There are approximately 22 small projects currently under construction or in operation around the world but further development will likely require political and sectoral support. Unlike renewables, there is no output to sell, making commercialisation difficult.
Until the EU ETS is tightened up, or a global price on carbon is agreed at Paris 2015, global adoption of CCS could remain snail-paced.
Who is making the case for CCS and why?
The UK Government has called CCS the "only credible technology to decarbonise some energy intensive industries such as steel and cement". It has invested millions in feasibility studies and argues that, without CCS in the UK, decarbonising the energy system would be up to £40bn more expensive per year.
The International Energy Agency (IEA) agrees, stating that CCS could reduce global carbon dioxide emissions by 19%, and also references the potential economic benefits of CCS.
Essentially it is 'cheaper', because it allows nations and industries to keep producing goods in a manner that would otherwise contribute to global warming.
As Shell's Global CCS portfolio manager put it: "With CCS in the mix, we can decarbonise in a cost-effective manner and still continue to produce, to some extent, our fossil fuels. You don't need to divest in fossil fuels, you need to decarbonise them."
But while CCS may be the cheapest way of decarbonising, the bill still runs into the billions thanks to the complicated technologies and infrastructure involved. The proposed White Rose CCS plant in the Humber - one of two potential UK projects - could cost upwards of £5bn.

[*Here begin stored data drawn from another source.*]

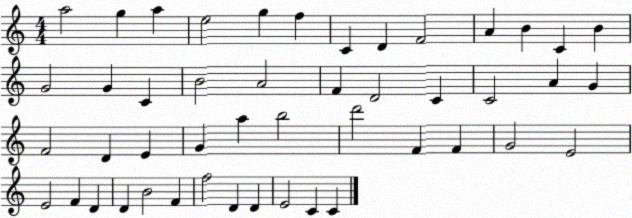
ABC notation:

X:1
T:Untitled
M:4/4
L:1/4
K:C
a2 g a e2 g f C D F2 A B C B G2 G C B2 A2 F D2 C C2 A G F2 D E G a b2 d'2 F F G2 E2 E2 F D D B2 F f2 D D E2 C C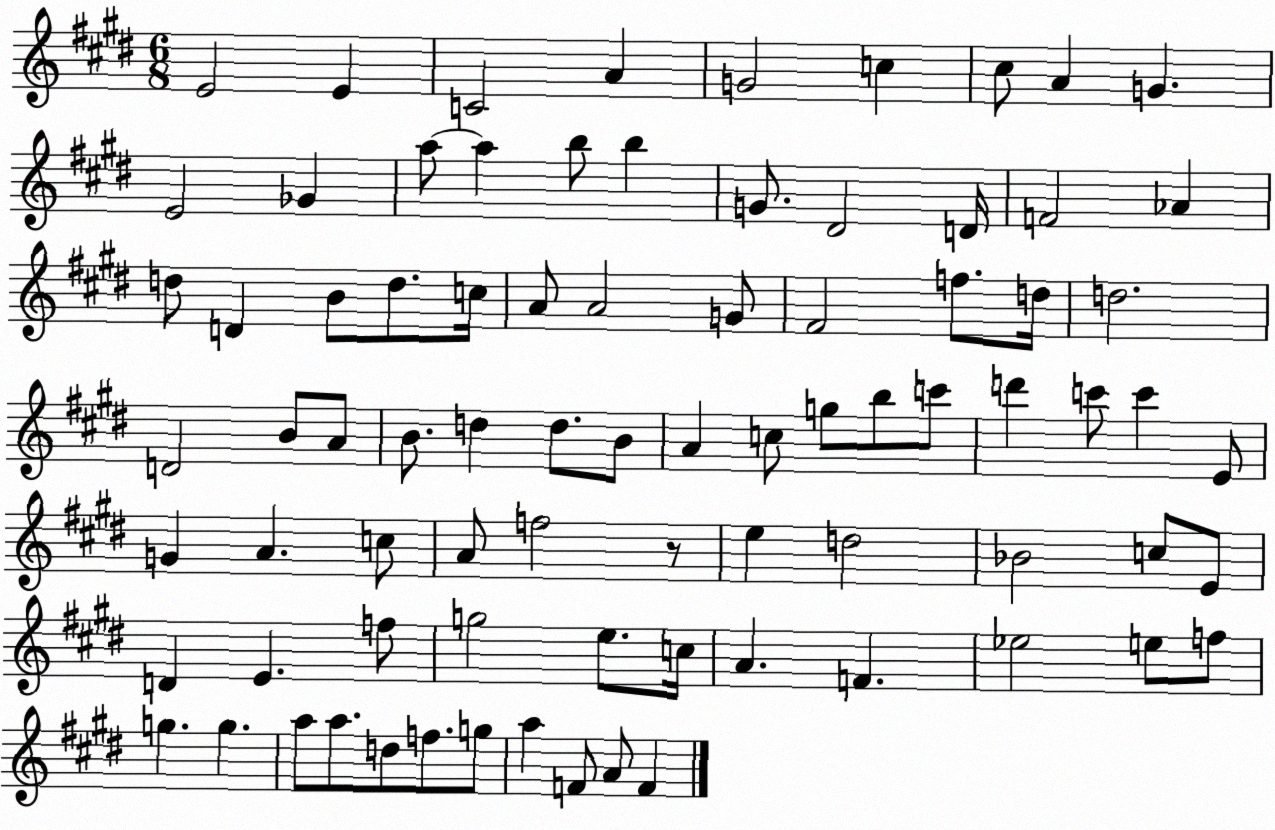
X:1
T:Untitled
M:6/8
L:1/4
K:E
E2 E C2 A G2 c ^c/2 A G E2 _G a/2 a b/2 b G/2 ^D2 D/4 F2 _A d/2 D B/2 d/2 c/4 A/2 A2 G/2 ^F2 f/2 d/4 d2 D2 B/2 A/2 B/2 d d/2 B/2 A c/2 g/2 b/2 c'/2 d' c'/2 c' E/2 G A c/2 A/2 f2 z/2 e d2 _B2 c/2 E/2 D E f/2 g2 e/2 c/4 A F _e2 e/2 f/2 g g a/2 a/2 d/2 f/2 g/2 a F/2 A/2 F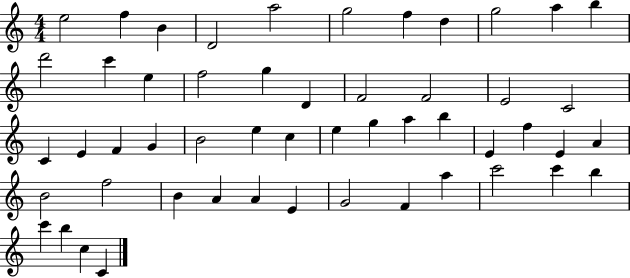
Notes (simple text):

E5/h F5/q B4/q D4/h A5/h G5/h F5/q D5/q G5/h A5/q B5/q D6/h C6/q E5/q F5/h G5/q D4/q F4/h F4/h E4/h C4/h C4/q E4/q F4/q G4/q B4/h E5/q C5/q E5/q G5/q A5/q B5/q E4/q F5/q E4/q A4/q B4/h F5/h B4/q A4/q A4/q E4/q G4/h F4/q A5/q C6/h C6/q B5/q C6/q B5/q C5/q C4/q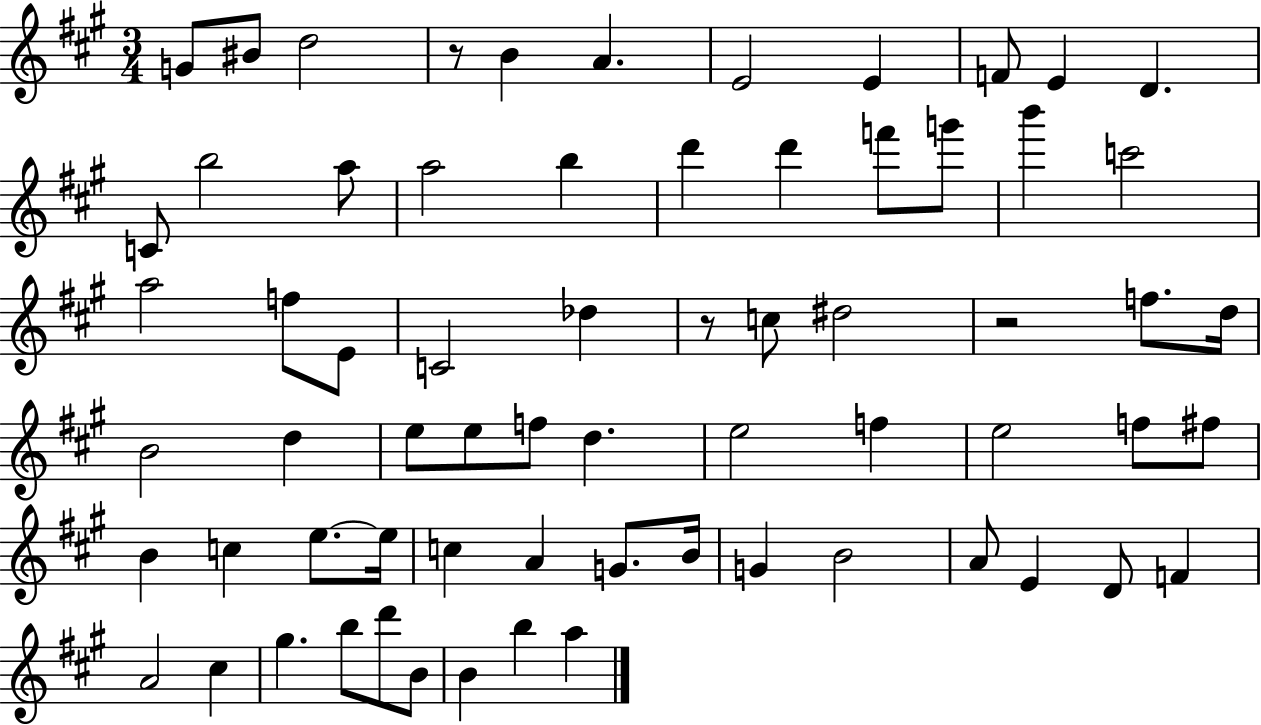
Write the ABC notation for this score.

X:1
T:Untitled
M:3/4
L:1/4
K:A
G/2 ^B/2 d2 z/2 B A E2 E F/2 E D C/2 b2 a/2 a2 b d' d' f'/2 g'/2 b' c'2 a2 f/2 E/2 C2 _d z/2 c/2 ^d2 z2 f/2 d/4 B2 d e/2 e/2 f/2 d e2 f e2 f/2 ^f/2 B c e/2 e/4 c A G/2 B/4 G B2 A/2 E D/2 F A2 ^c ^g b/2 d'/2 B/2 B b a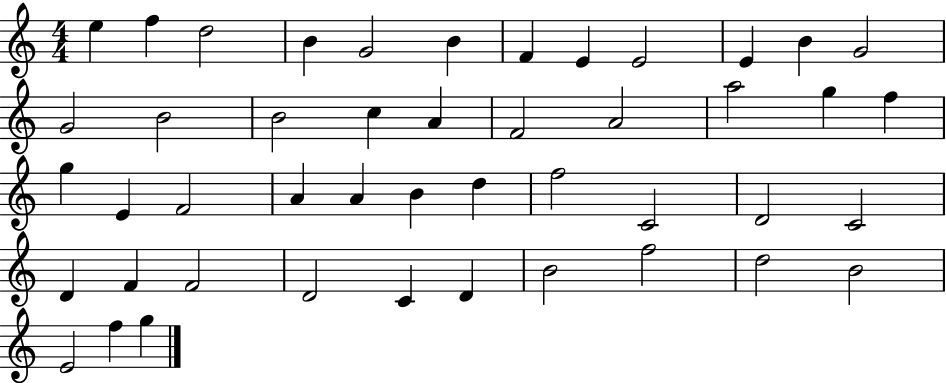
{
  \clef treble
  \numericTimeSignature
  \time 4/4
  \key c \major
  e''4 f''4 d''2 | b'4 g'2 b'4 | f'4 e'4 e'2 | e'4 b'4 g'2 | \break g'2 b'2 | b'2 c''4 a'4 | f'2 a'2 | a''2 g''4 f''4 | \break g''4 e'4 f'2 | a'4 a'4 b'4 d''4 | f''2 c'2 | d'2 c'2 | \break d'4 f'4 f'2 | d'2 c'4 d'4 | b'2 f''2 | d''2 b'2 | \break e'2 f''4 g''4 | \bar "|."
}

Going forward, both the ETI and the Green Alliance argue that 'clusters' of CCS are the most efficient method of carbon capture. For example, while a Humberside CCS cluster could cost around £20bn, it would reduce the cost per tonne of CO2 captured by two thirds, while being nine times more effective.
The ETI also suggests combining CCS plants with biomass facilities and 'short rotation' crops, to deliver negative emissions.
With Government and industry support in scaling up production and sharing costs, CCS technology could store around 50 million tonnes of CO2 emissions a year as soon as 2030.
Who opposes CCS and why?
A statement from Greenpeace, WWF and Friends of the Earth described the use of CCS in the UK as a "dangerous distraction".
"CCS technology has not yet been proven at scale on an integrated power plant and it may prove not to be technically or economically feasible," the statement reads. "Building "capture ready" stations now would therefore impose unacceptable risks both to the climate and to the taxpayer, who may well be trapped into footing the bill for any future CCS retrofit."
In an exclusive interview with edie last week, Green Party MP Caroline Lucas echoed that sentiment. She said: "I worry about CCS in Europe because I think that essentially it will delay the transition that we need to make to a sustainable energy source.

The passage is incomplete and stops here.